Starting at the line that contains "Hängebrücke , Lac La Haie, Parc d'Aiguebelle", retype each line to the end of the listing below. Include both ends, but not the pictures.

__GIVEN INFORMATION__.

-.-.-

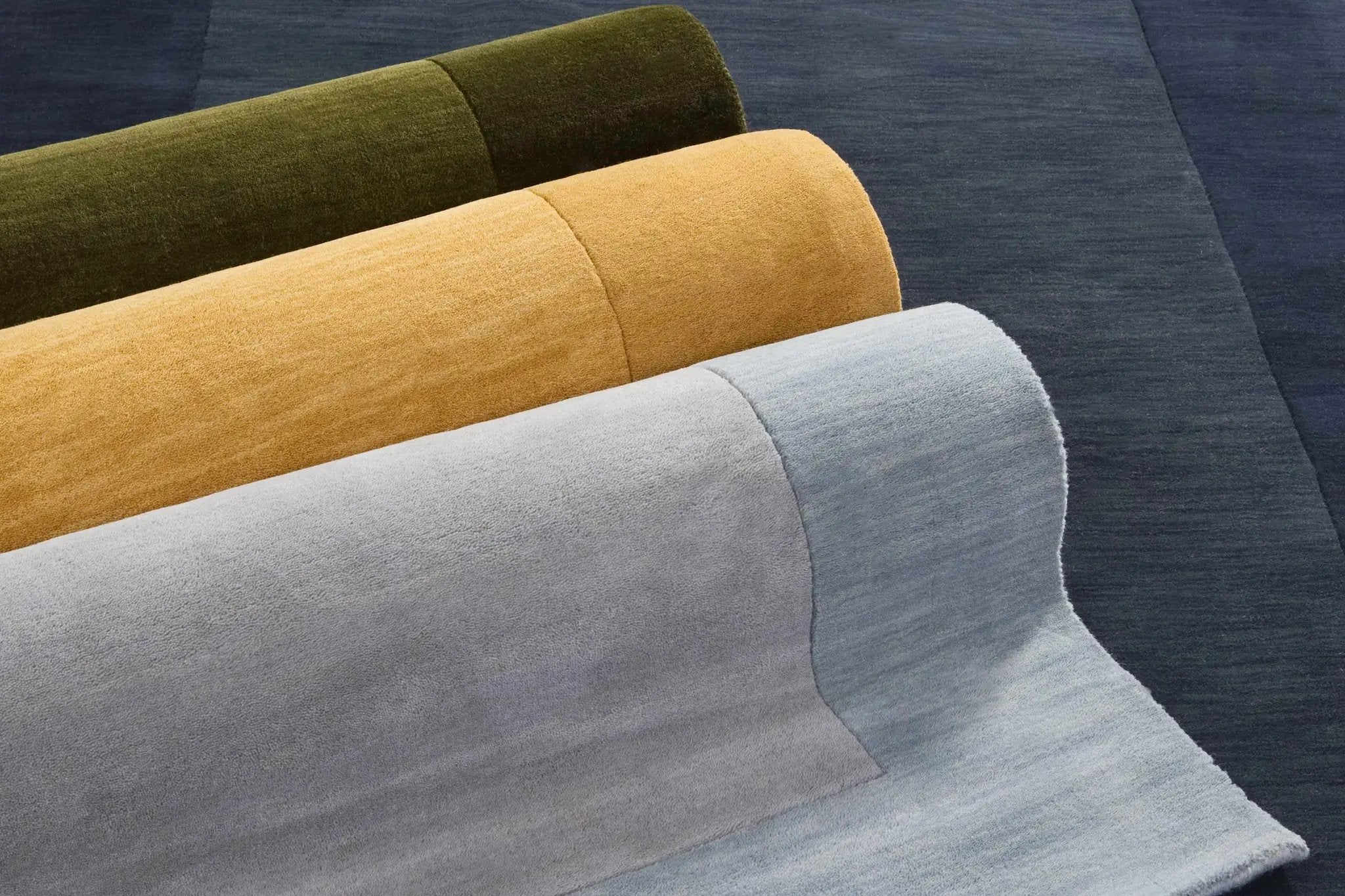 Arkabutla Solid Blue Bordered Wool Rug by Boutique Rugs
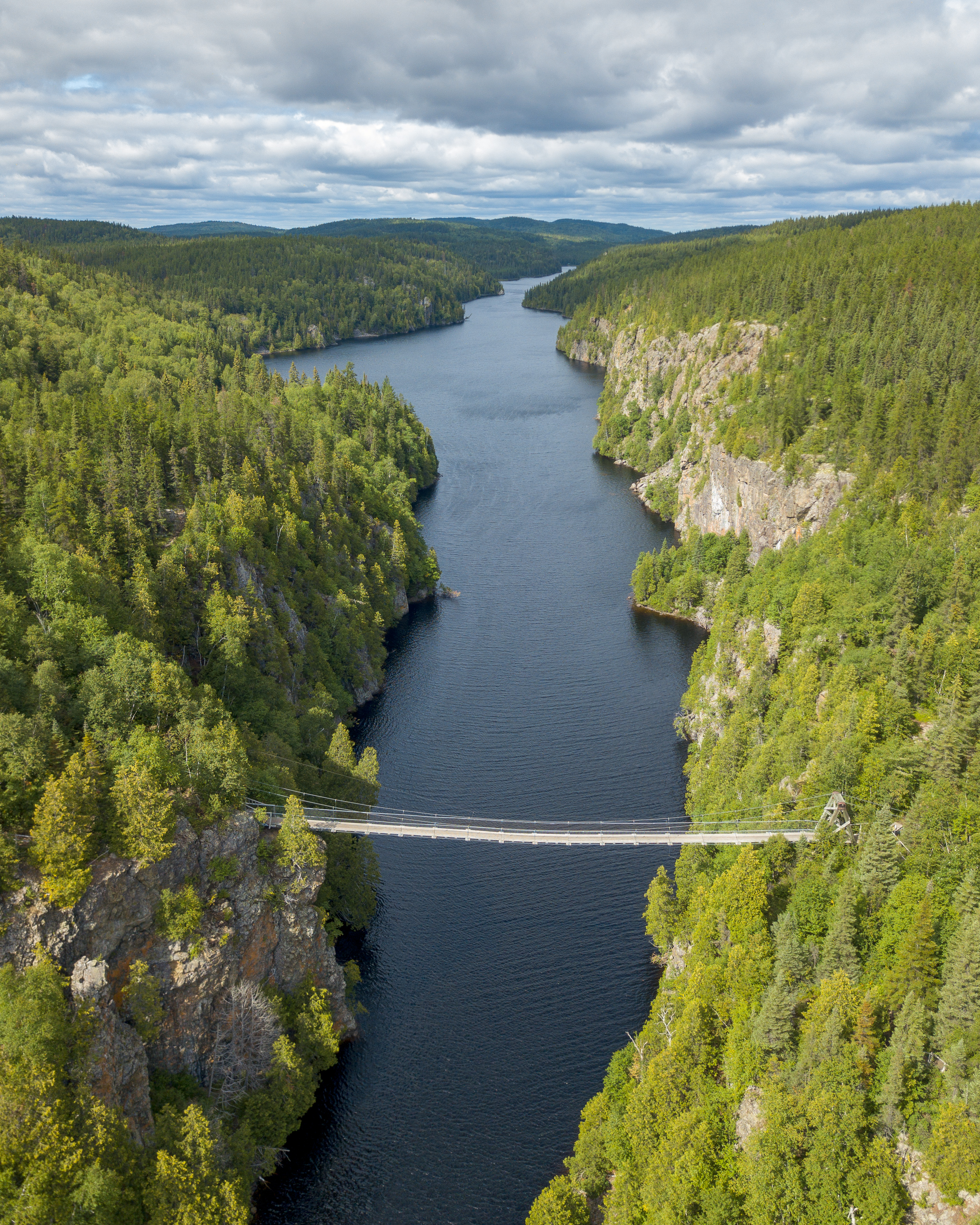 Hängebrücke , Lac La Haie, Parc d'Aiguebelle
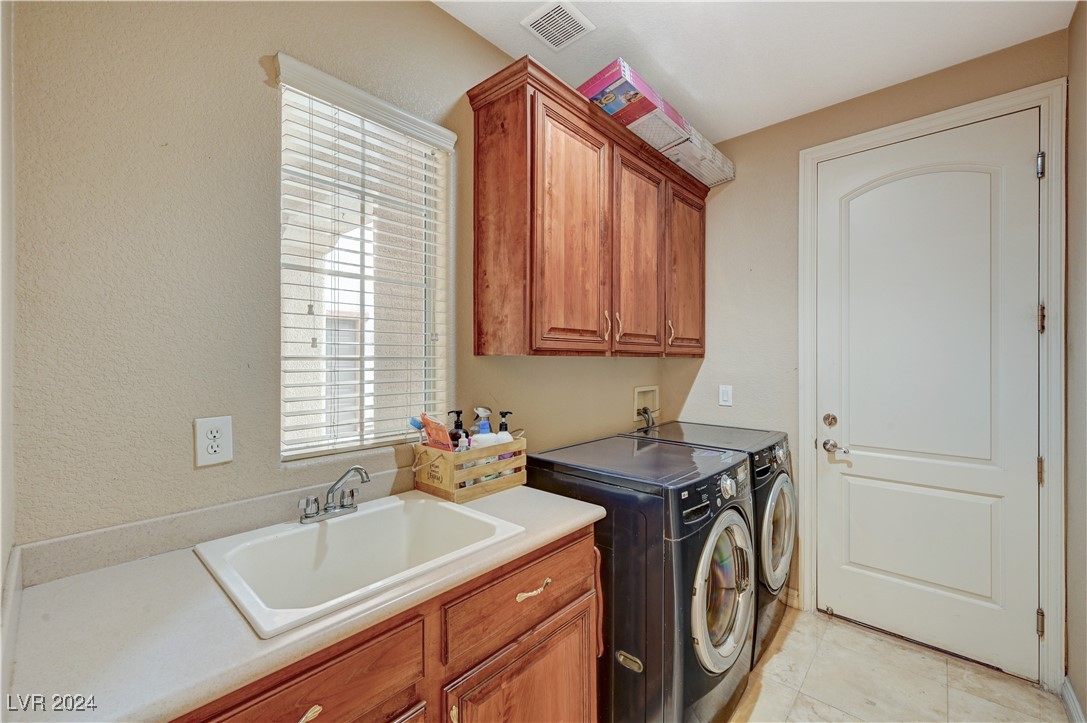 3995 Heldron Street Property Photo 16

-.-.-

__TASK SOLUTION__.
 Hängebrücke , Lac La Haie, Parc d'Aiguebelle
 3995 Heldron Street Property Photo 16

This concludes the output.